Şimdiye kadar direnişi yakından izlemeye çalıştım… Duyduğum her eyleme katılmaya çalıştım… Birey olarak desteklediğim için, ilk oluşumlara saygılı oldum… Böyle bir eylem varsa elbette bunun sağlıklı yürümesi için düşünenler de vardır düşüncesi hakim bende… Dışarıdan bakmak bazen daha yaralı oluyor sanıyorum. Gruplar slogan gürültüleri içinde fark edemiyor bazı eksiklikleri…
İzmir’de daha eylemin üçüncü günü, saat 21.00’de Gündoğdu Meydanı’na giren İP’liler, özellikle diğer grupları tahrik etmek için ‘’Mustafa Kemal’in askerleriyiz! ’’ demeye başladı… Elbette bunu içten söyleyene sözümüz yok.

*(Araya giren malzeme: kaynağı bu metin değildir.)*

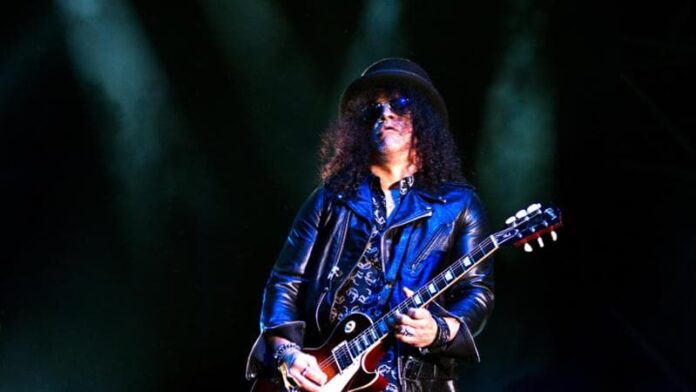 slash,-morta-la-figliastra-lucy-bleu-knight-aveva-25-anni.-il-mistero-del-put-up-su-instagram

Onlarla yine paylaşacak ortak noktalarımız var. Ama bunu diğerlerini tahrik etmeye yönelik görünce korkum büyümeye başladı… Ardında belli bir yöneticisi olmayan ve kendiliğinden toplanan CHP tabanı da onlara katılmaya başladı…

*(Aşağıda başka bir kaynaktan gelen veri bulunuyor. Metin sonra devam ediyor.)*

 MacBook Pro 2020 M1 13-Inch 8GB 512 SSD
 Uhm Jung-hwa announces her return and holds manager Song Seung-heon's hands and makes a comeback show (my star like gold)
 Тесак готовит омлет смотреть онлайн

Neydi direnişin amacı nereye kayıyor…
Direnişin sebebi Taksim gezi parkındaki yeşil alanla sınırlı olsaydı, eylem taksim ya da İstanbul’la sınırlı kalırdı… Bu sadece bardağı taşıran son damlalardır…

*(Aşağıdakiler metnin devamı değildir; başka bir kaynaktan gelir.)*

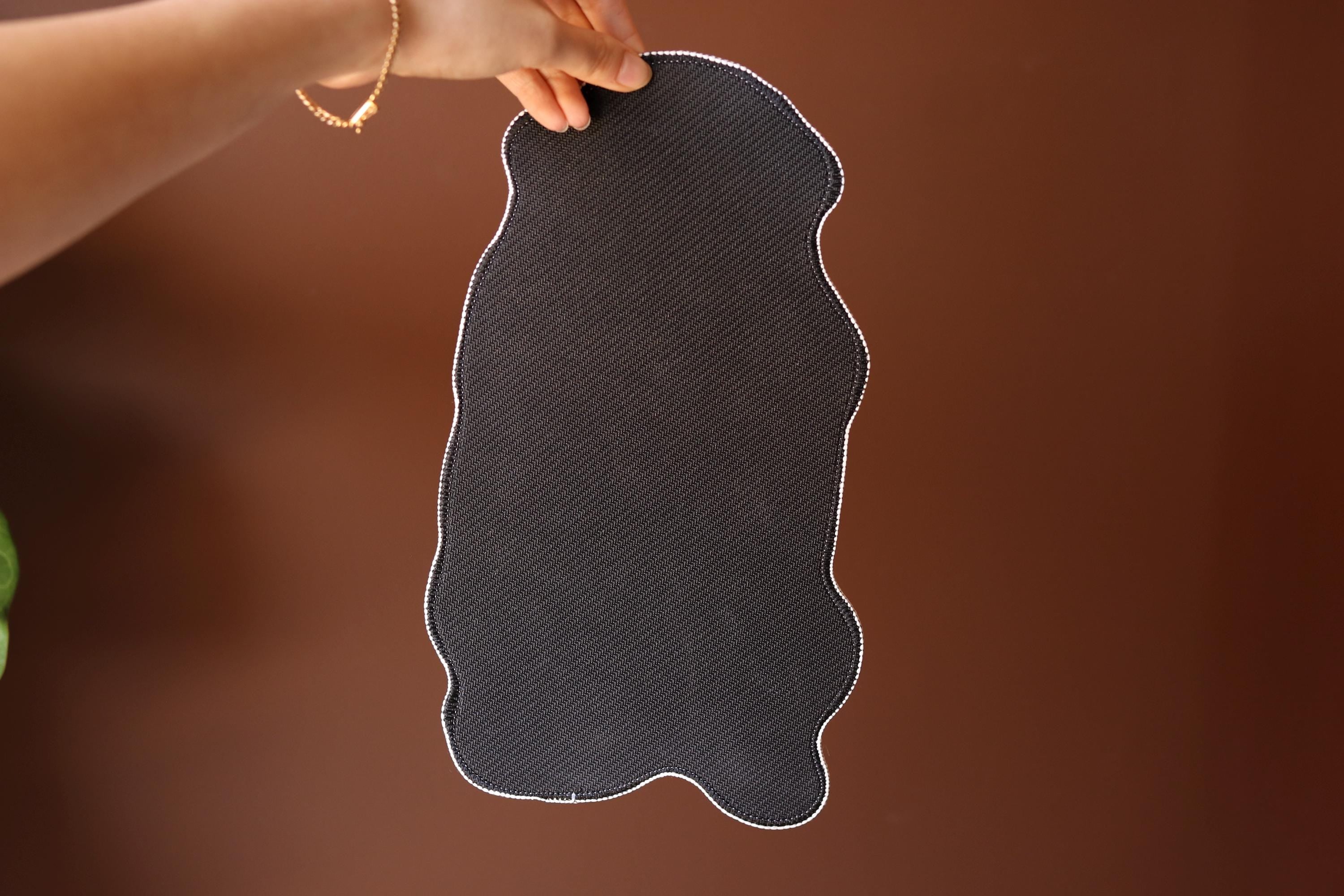 Chihuahua 29x17cm| Seamed edge | Non-slip rubber base | Chihuahua lovers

Bütün yazışmalardan da anlaşıldığı gibi… Eylem demokrasinin tümüyle rafa kaldırılması, emekçi halkla dalga geçilmeye başlanması, ‘ben ne dersem o olur, o doğrudur’ mantığı, katiller ellerini kollarını sallayarak dolaşırken, çocuğu, kardeşi için ağıt yakanların bile cezalandırılması, kadın cinayetlerinin ve tecavüzlere karşı umursamaz tavırlar, hatta teşviklere karşı, Robosky, Reyhanlı ve diğer birçok katliamların suçlularının saklanması, son otuz yılda ücretlerin ¼ oranında azalması, sendikaların anti-demokratik yasalarla eritilmesi, örgütsüz işçilerin iş garantisinin kalmaması, emeklilik imkanlarının ortadan kaldırılması, üniversite gençliğinin mezuniyetten sonra işsiz dolaşması, ülkemizin birçok yerinde NATO’ya askeri üs verilmesi, komşularımızla aramızda dostlukların bozulup, her an savaş çıkarma riskinin artması, Üniversitelerin eğitim amaçlı değil, ticari amaçlı kurumlar haline dönüştürülmesi…
Bunlar gibi bütün toplumumuzu rahatsız eden sayısız sebepler var. Başlayan direniş, iyi bir organizasyonla sürdürülmezse sonuç perişanlığa dönüşür…
Evet, ilk defa tabandan gelen, genç insanların hareketi olarak çok önemli bir direniştir… Ancak kendiliğinden gelen bu direnişle sonuçta 68 gençlik hareketleri gibi sönümlenip gider… Hatta sonuçta egemen güçlerin işine yarar… 15-16 haziran olayları da önemliydi, ancak sendikalar o harekette de kontrolü elden kaçırdı… Partiler de kontrol edemedi, sonuçta iki sendika yasasının değiştirilmesiyle sınırlı kaldı… Tekel direnişinde de ücret zammından fazla bir şey elde edilemedi… Zaten beklenemezdi de. Basın fazla abarttığı için değiniyorum… Basın bütün iç potansiyelleri görmezden gelerek, patladıktan sonra da olduğundan fazla abartarak toplumları yanıltmakla görevli gibi…
Denizler ortasında bak yelkensiz bıraktın,
Öylesine yıktın ki bütün inançlarımı;
Beni bensiz bıraktın; beni sensiz bıraktın.